**DATASET EXCERPT:**
[Start of section]
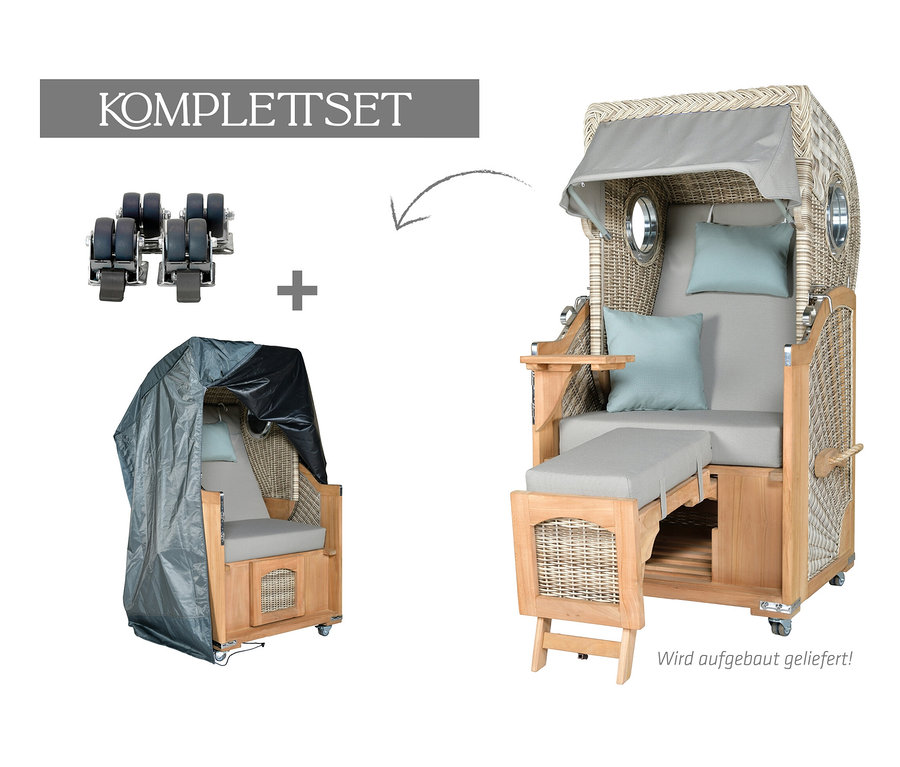 deVries Teak-Strandkorb, 1-Sitzer, mit Rollen und Abdeckung.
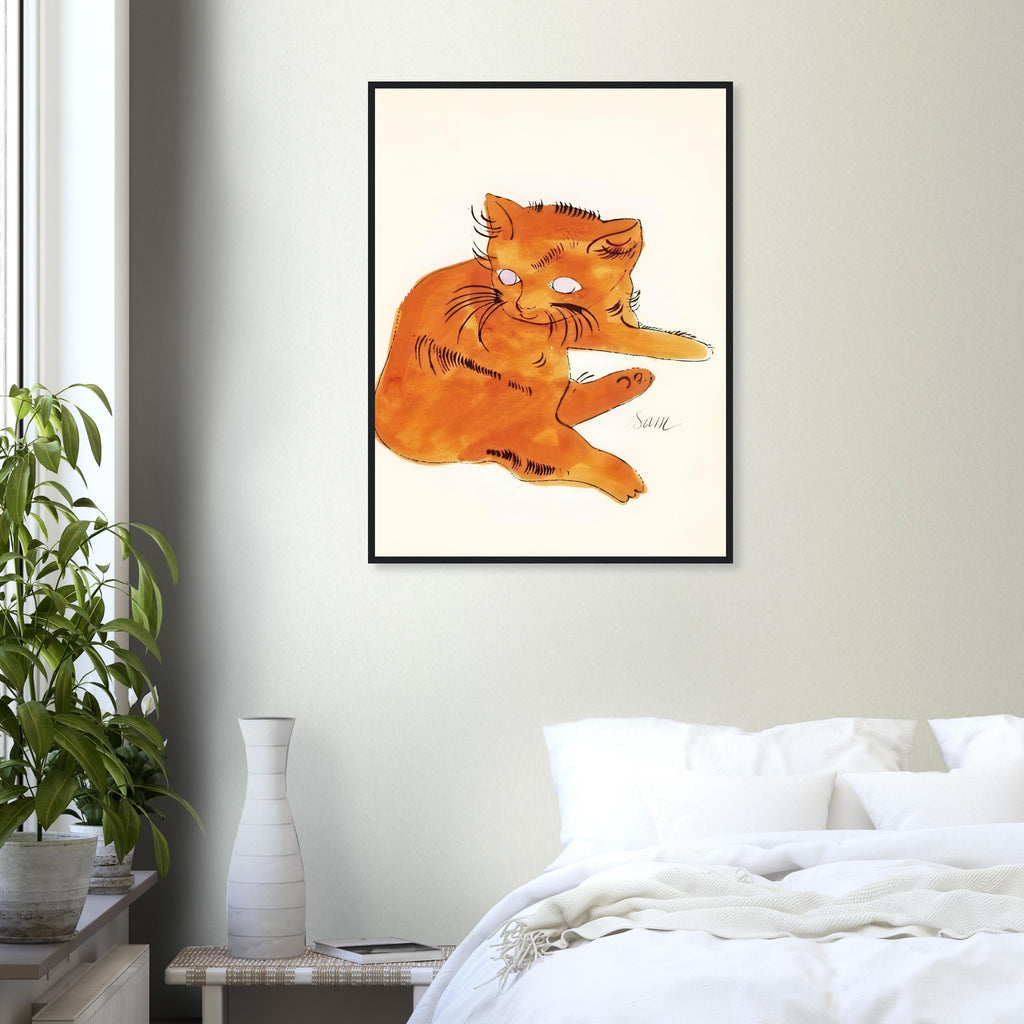 Andy Warhol framed print depicting a spare contour drawing gives the animal its personality, while uncomplicated forms keep the focus on the cat’s outline and pose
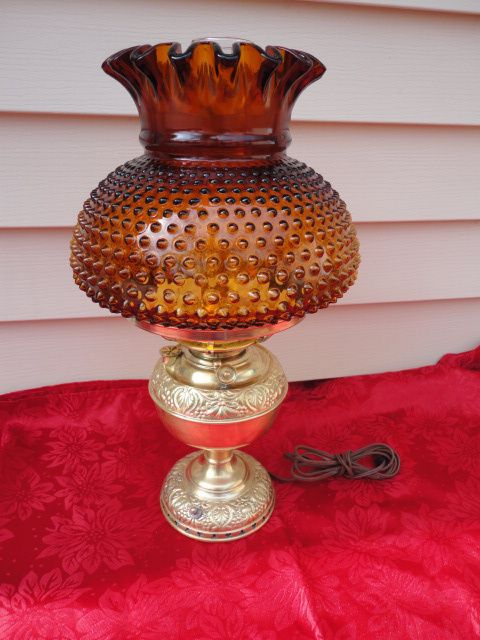    NEW JUNO NO.1 BRASS OIL /KEROSENE LAMP CONVERTED AMBER SHADE  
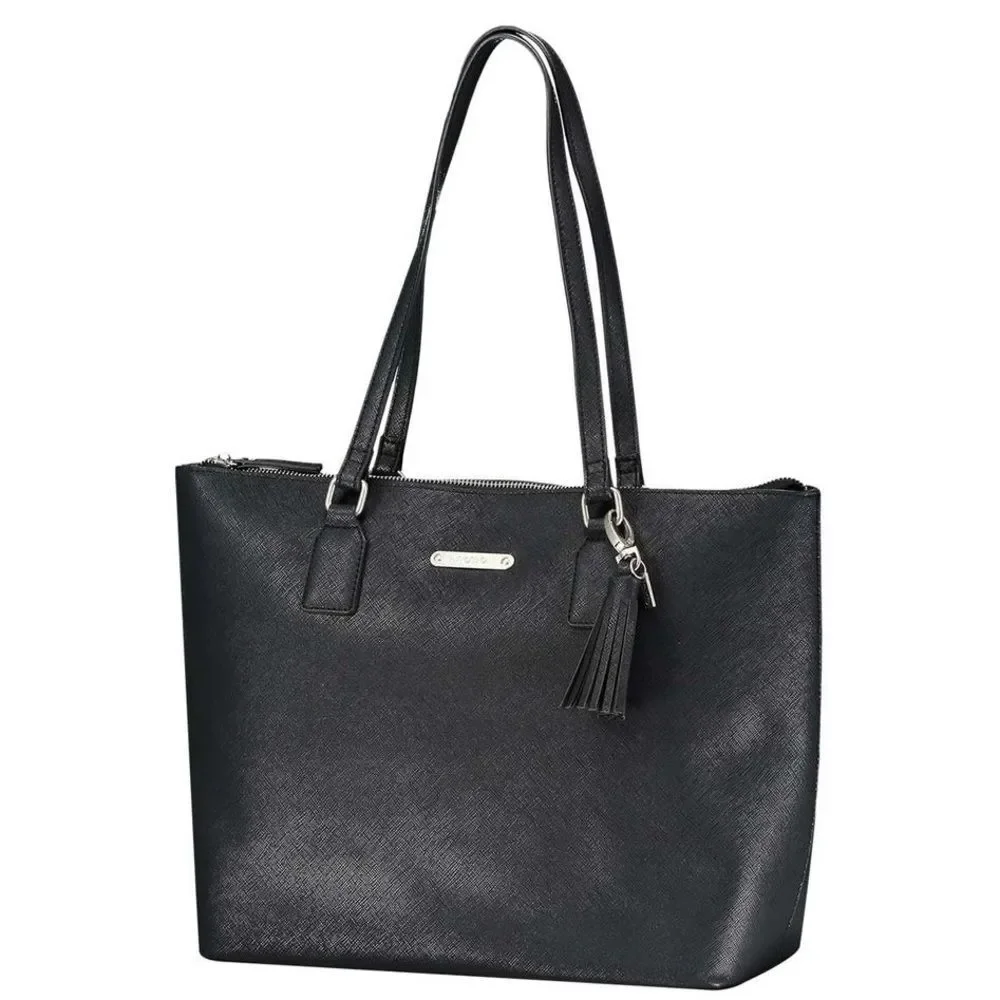 Totto Carinae Medium Tote‎ Bag Black Polyvinyl Roomy Travel Office Casual Tassel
[End of section]
**DIRECTIONS FOR THIS TASK:** In the listing, find the line with "Andy Warhol framed" and retype exactly from there through the last line, both included, leaving the pictures out.

**TASK SOLUTION:**
 Andy Warhol framed print depicting a spare contour drawing gives the animal its personality, while uncomplicated forms keep the focus on the cat’s outline and pose
    NEW JUNO NO.1 BRASS OIL /KEROSENE LAMP CONVERTED AMBER SHADE  
 Totto Carinae Medium Tote‎ Bag Black Polyvinyl Roomy Travel Office Casual Tassel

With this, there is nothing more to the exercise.